Du point de vue de l’anonymat, la technique la plus simple serait de choisir des pairs aléatoirement dans l’ensemble du réseau, de les ordonner aléatoirement et d’utiliser ces pairs dans cet ordre pour l’éternité. Du point de vue des performances, la technique la plus simple serait de choisir les pairs les plus rapides avec la capacité de réserve nécessaire, en répartissant la charge entre différents pairs pour gérer le basculement transparent, et de reconstruire le tunnel chaque fois que les informations de capacité changent. Alors que la première approche est à la fois fragile et inefficace, la seconde nécessite des informations inaccessibles et offre un anonymat insuffisant. I2P travaille plutôt à offrir une gamme de stratégies de sélection de pairs, couplées avec du code de mesure sensible à l’anonymat pour organiser les pairs selon leurs profils.

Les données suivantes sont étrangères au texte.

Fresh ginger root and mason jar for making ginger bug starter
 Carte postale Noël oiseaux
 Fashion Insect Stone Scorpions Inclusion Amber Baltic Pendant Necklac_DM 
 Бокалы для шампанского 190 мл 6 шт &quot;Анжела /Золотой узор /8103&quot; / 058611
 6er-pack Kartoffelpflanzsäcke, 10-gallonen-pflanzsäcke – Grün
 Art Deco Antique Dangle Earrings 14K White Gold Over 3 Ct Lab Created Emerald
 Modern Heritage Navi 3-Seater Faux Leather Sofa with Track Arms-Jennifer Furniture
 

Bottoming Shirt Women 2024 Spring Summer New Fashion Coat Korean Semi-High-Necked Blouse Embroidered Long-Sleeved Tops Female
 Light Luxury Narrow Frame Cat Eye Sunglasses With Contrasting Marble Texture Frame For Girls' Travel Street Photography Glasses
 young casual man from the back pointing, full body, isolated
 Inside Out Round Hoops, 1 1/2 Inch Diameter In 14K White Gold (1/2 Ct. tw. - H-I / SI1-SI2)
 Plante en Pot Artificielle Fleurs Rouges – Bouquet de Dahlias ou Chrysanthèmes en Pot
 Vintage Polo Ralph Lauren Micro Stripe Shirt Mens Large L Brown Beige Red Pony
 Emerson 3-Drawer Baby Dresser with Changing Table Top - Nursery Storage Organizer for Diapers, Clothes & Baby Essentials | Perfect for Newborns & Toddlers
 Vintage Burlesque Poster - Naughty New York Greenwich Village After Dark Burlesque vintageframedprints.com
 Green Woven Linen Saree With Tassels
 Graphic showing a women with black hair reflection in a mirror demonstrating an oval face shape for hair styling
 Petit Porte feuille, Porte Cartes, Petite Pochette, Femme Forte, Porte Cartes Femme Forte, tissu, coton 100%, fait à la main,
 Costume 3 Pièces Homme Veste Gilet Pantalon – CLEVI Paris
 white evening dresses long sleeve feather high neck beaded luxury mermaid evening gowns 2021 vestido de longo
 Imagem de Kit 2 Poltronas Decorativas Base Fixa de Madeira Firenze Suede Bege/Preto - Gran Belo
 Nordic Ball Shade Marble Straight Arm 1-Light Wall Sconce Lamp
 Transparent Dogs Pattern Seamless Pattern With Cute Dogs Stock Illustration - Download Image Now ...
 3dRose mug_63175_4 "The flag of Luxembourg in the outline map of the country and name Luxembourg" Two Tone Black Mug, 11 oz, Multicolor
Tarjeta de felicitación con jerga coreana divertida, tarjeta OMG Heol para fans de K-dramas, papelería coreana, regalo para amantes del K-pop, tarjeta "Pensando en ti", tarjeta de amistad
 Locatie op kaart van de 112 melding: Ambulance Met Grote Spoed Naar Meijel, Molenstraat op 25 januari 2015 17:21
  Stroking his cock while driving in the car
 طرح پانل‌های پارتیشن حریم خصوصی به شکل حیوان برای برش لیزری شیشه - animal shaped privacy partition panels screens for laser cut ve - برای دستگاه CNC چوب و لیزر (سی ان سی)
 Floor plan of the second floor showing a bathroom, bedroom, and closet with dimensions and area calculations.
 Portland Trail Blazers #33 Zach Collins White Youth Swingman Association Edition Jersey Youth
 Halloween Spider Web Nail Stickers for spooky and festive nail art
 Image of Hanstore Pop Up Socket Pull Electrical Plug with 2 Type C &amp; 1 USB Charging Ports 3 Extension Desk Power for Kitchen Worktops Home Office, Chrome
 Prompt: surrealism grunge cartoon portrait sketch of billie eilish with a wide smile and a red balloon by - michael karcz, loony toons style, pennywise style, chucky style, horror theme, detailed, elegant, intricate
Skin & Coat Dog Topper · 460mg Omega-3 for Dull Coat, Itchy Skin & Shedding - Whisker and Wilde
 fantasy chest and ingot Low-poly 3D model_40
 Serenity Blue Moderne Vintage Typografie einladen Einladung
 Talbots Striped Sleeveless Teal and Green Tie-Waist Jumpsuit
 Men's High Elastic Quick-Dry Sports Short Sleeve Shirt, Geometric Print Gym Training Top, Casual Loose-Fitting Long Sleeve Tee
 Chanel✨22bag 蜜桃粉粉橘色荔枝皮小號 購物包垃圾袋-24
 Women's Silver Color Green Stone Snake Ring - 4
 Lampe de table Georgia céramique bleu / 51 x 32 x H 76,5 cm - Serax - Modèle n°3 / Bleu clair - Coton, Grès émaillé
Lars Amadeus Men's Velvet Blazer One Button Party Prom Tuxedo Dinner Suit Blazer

En tant que base, I2P profile constamment les pairs avec lesquels il interagit en mesurant leur comportement indirect — par exemple, lorsqu’un pair répond à une recherche netDb en 1,3 seconde, cette latence d’aller-retour est enregistrée dans les profils de tous les routers impliqués dans les deux tunnels (entrant et sortant) par lesquels la requête et la réponse sont passées, ainsi que dans le profil du pair interrogé. La mesure directe, telle que la latence de la couche transport ou la congestion, n’est pas utilisée dans le cadre du profil, car elle peut être manipulée et associée au router qui mesure, l’exposant à des attaques triviales. Lors de la collecte de ces profils, une série de calculs est exécutée sur chacun pour résumer ses performances — sa latence, sa capacité à gérer beaucoup d’activité, s’il est actuellement surchargé, et à quel point il semble bien intégré dans le réseau. Ces calculs sont ensuite comparés pour les pairs actifs afin d’organiser les routers en quatre niveaux — rapide et haute capacité, haute capacité, sans défaillance, et en défaillance. Les seuils pour ces niveaux sont déterminés dynamiquement, et bien qu’ils utilisent actuellement des algorithmes assez simples, des alternatives existent.

En utilisant ces données de profil, la stratégie de sélection de pairs la plus simple et raisonnable consiste à choisir des pairs aléatoirement dans le niveau supérieur (rapide et haute capacité), et ceci est actuellement déployé pour les tunnels clients. Les tunnels exploratoires (utilisés pour la netDb et la gestion des tunnels) choisissent des pairs aléatoirement dans le niveau “sans échec” (qui inclut également les routers des niveaux “meilleurs”), permettant au pair d’échantillonner les routers plus largement, optimisant en effet la sélection de pairs par escalade de colline randomisée. Ces stratégies seules fuient cependant des informations concernant les pairs du niveau supérieur du router par des attaques de prédécesseur et de collecte de netDb. À leur tour, plusieurs alternatives existent qui, bien qu’elles n’équilibrent pas la charge aussi uniformément, répondront aux attaques menées par des classes particulières d’adversaires.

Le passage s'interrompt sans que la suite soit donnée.